The paper 'Business Ethics and Sustainability" is a perfect example of business coursework. Business ethics is a collection of values, beliefs and practices which are collectively upheld by a business organization. In the recent times, there has been an utmost need for business to be ethical owing to the fact that it enables them to attain a competitive advantage in the market in addition to the fact that it is right to do so. The following paper gives reflection journals on sessions 2, 4, 5 and 8 of the course ‘ Business Ethics and Sustainability, BMO5501. Session 2 Normative Ethical Theory The normative ethical theories are made up of four main sets of theories namely consequentiality, non-consequentiality, justice and contemporary theories (Shaw, W., Barry & Sansbury 2009, p. 57).

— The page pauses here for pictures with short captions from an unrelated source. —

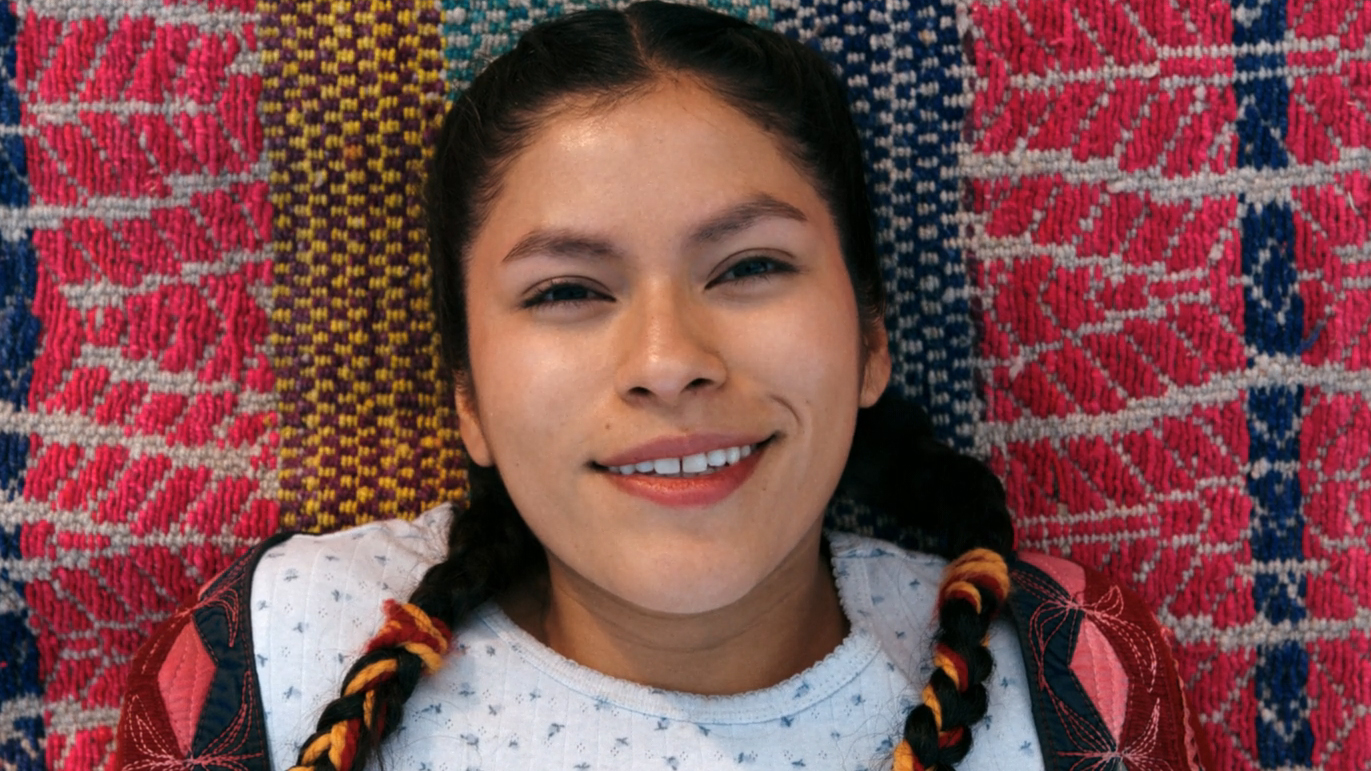 Kusimayu smiling after being converted to join The Others in episode 9 of Pluribus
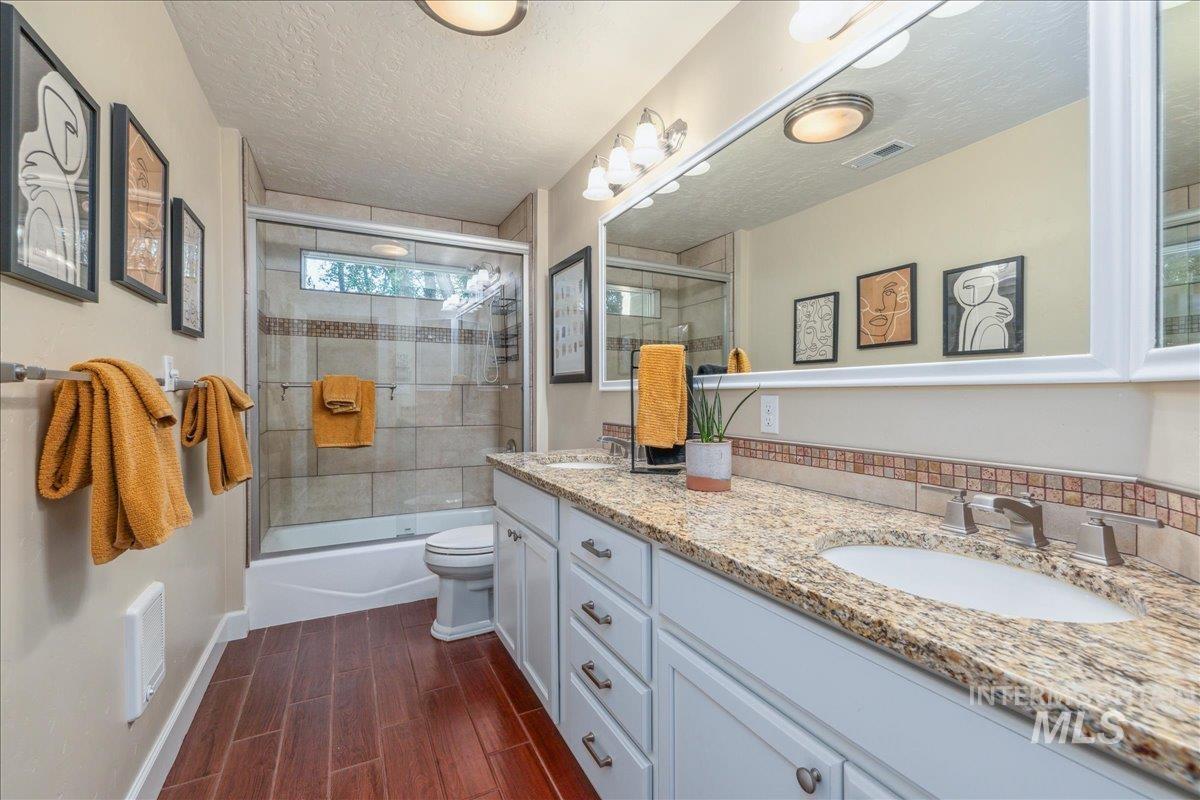 Bathroom featuring combined bath / shower with glass door, double vanity, wood finish floors, and a textured ceiling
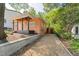 Exterior angle of home with gravel driveway, backyard fence, and a covered front porch at 309 E End Ave, Durham, NC 27703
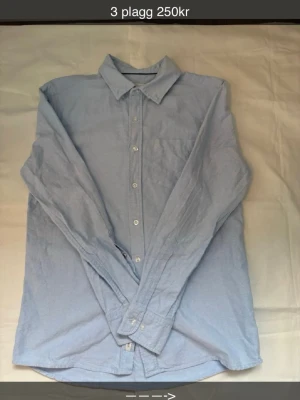 Ljusblå skjorta med klassisk krage - Snygg ljusblå skjorta med klassisk krage och knäppning framtill. Skjortan har en bröstficka och långa ärmar med manschett. Perfekt för en clean och stilren look.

From the lecture session and the reading on the book chapter ‘ Moral issues in business’ by Shaw, W., Barry, V. & Sansbury, G., it was identified that the differences in these theories are based on their approach to ethics. The second lecture session and the lecture reading focuses on the consequentialist and non-consequentiality theories. The difference between these theories is the expected outcomes. Under consequentialist theories, ethics is evaluated with respect to the consequences of a specific action.

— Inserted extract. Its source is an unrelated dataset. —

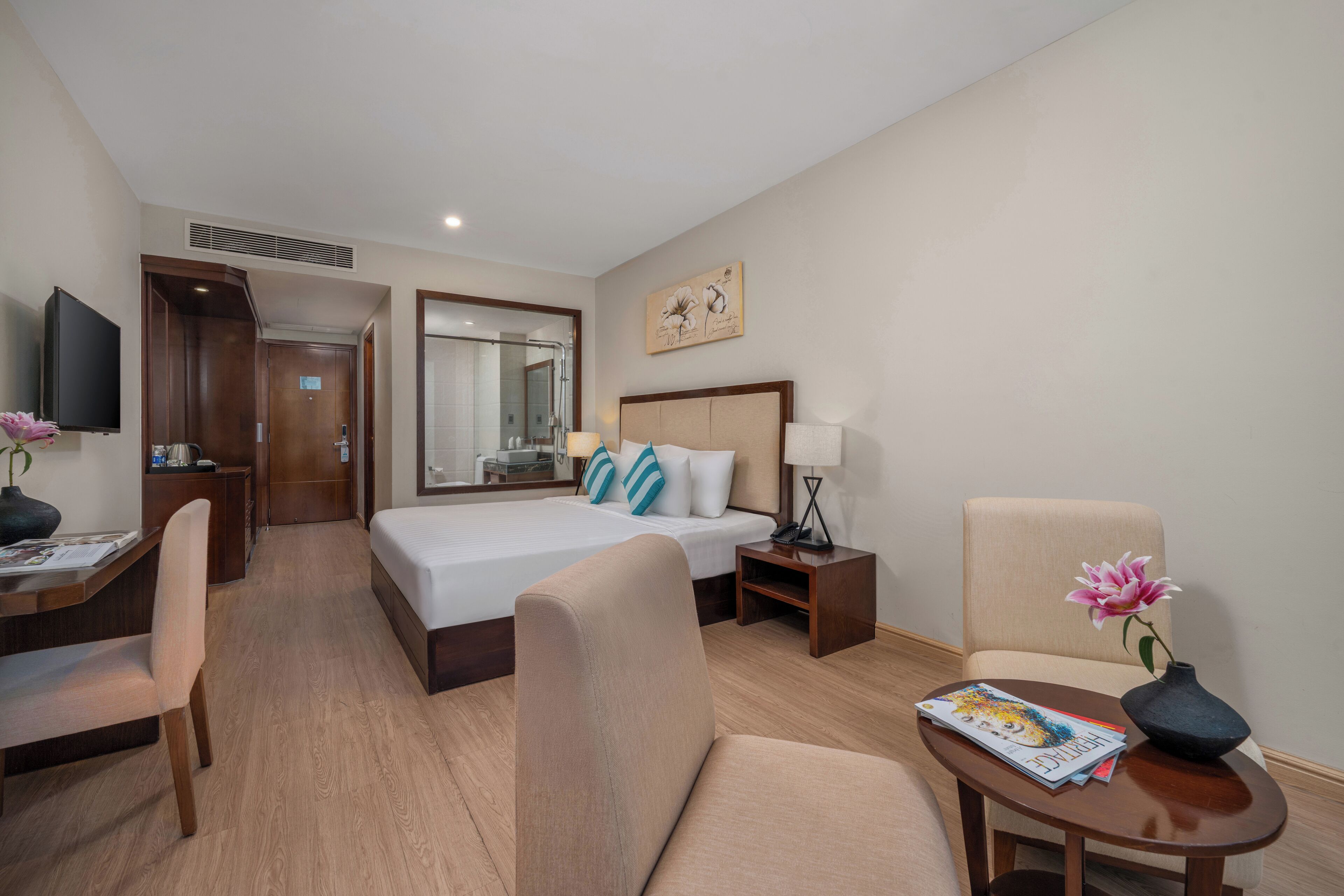 A hotel room with a bed, a desk, a chair, a small table, and a TV.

For this reason, the action is judged with respect to its consequences. According to Shaw, Barry. & Sansbury (2009, p. 58), consequentialist theories can be divided into egoism and utilitarianism theories. The egoism theory tends to equate the morality of an individual or organization with self-interest. Under the egoism theory, an act is deemed ethical is it is in the best interest of the long term interests of the entity involved.
For this reason, the long term effects of an action are the main measures of the ethical confirmation of activity. The relationship between actions and their consequences makes egoism a consequentialist theory. On the other hand, the utilitarian ethical theory purports that an action is ethical if it leads to the greatest possible happiness in the majority of people affected by the activity. This theory uses happiness as its measure of ethics. Under this approach, utilitarianism purports that an activity which leads to the happiness of the majority of people is ethical (Shaw, Barry & Sansbury 2009, p.

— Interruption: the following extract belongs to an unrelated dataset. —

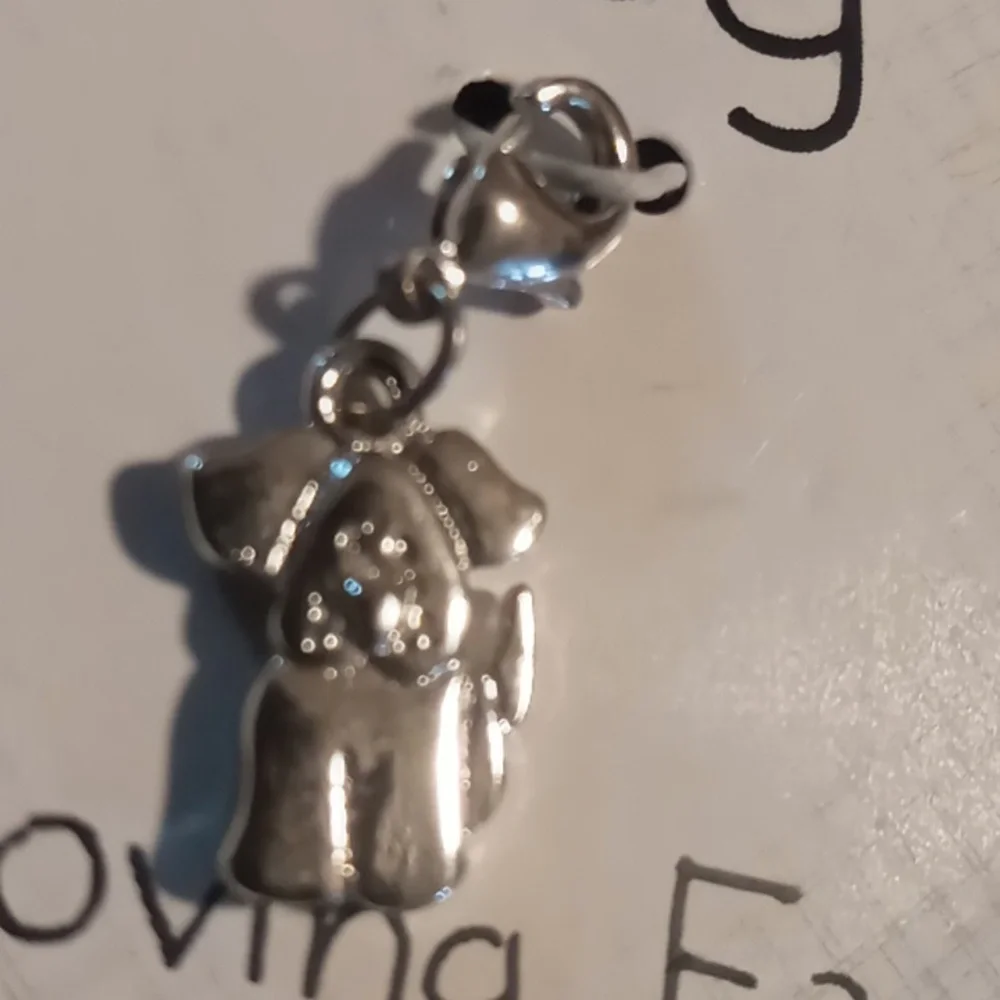 puppy charms adorn your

62). According to the authors, the utilitarianism theory is appropriate for use in ethical considerations in an organization since it provides an objective and appropriate system of n solving issues related to self-interest, it is aligned to results and highly flexible and lastly it provides a clear plan of developing organizational policies (Shaw, Barry & Sansbury 2009, p. 66). The other set of ethics theories which were discussed in the second session were non-consequential theories which are not focused on the outcomes but in the manner in which an action is done.
The deontological / Kantian ethics and the moral rights theory are the two main non-consequentialist theories. According to Kant ethics, the knowledge of the consequences of an action cannot be used to judge whether an action is moral or not (Shaw, Barry & Sansbury 2009, p. 71). Contrary to this, Kant saw that actions should be judged with respect to a moral obligation of the specific individual doing the action. On this point, Kant introduces goodwill as a key measure of the ethical state of activity.
Under goodwill, an entity should not have any other intention in mind but that to do good. The principle of universality comes into play where the formulation of the moral law which is followed by individuals under the duty to obey acts as the guiding principle for the stakeholders involved. Lastly, it can be acknowledged from the reading and lecture session; the moral rights theory stipulates that an action is ethical if it upholds the moral rights which are collectively accepted by the society.